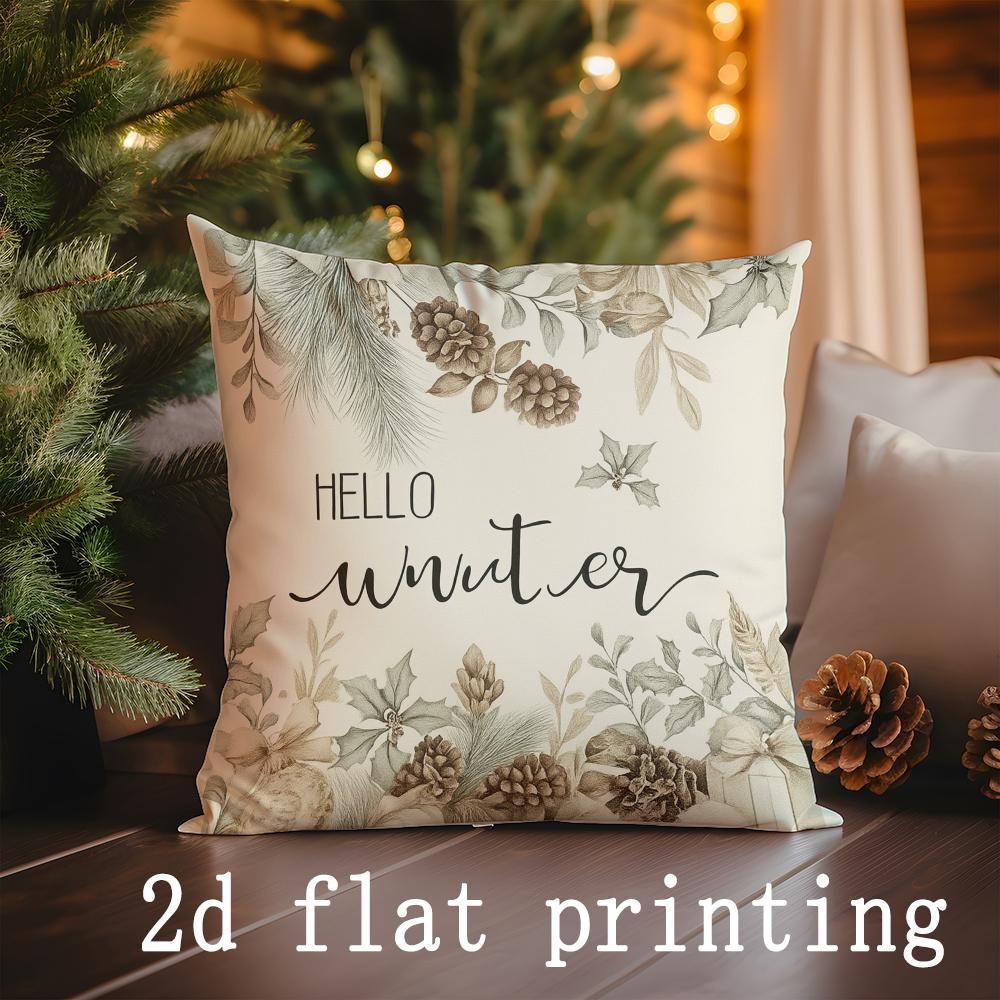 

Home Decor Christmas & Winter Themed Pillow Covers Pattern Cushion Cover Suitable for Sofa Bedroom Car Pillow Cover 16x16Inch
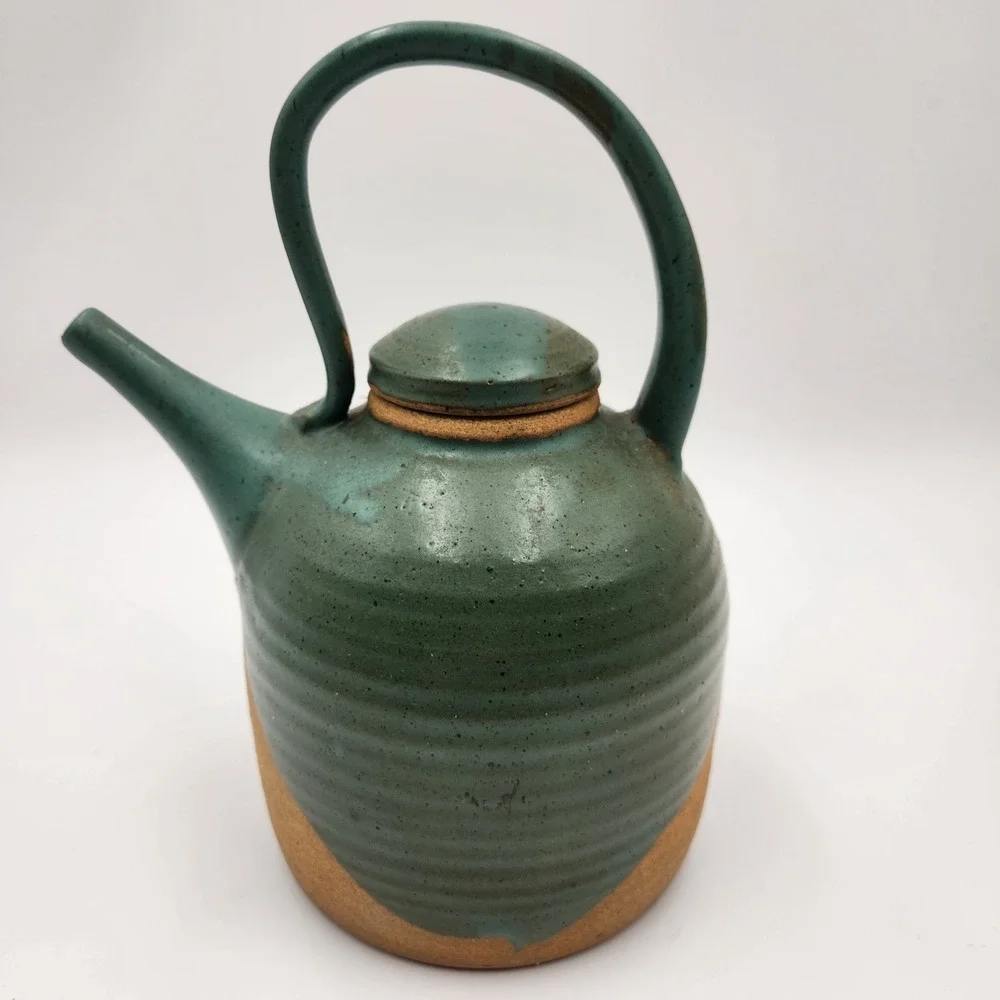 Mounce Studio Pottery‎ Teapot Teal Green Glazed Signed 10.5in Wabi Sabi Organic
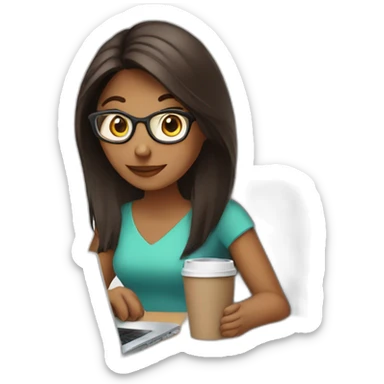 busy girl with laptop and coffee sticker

• _PROMPT_:
Reproduce the listing above exactly, without a single picture.

• _TASK ANSWER_:
Home Decor Christmas & Winter Themed Pillow Covers Pattern Cushion Cover Suitable for Sofa Bedroom Car Pillow Cover 16x16Inch
 Mounce Studio Pottery‎ Teapot Teal Green Glazed Signed 10.5in Wabi Sabi Organic
 busy girl with laptop and coffee sticker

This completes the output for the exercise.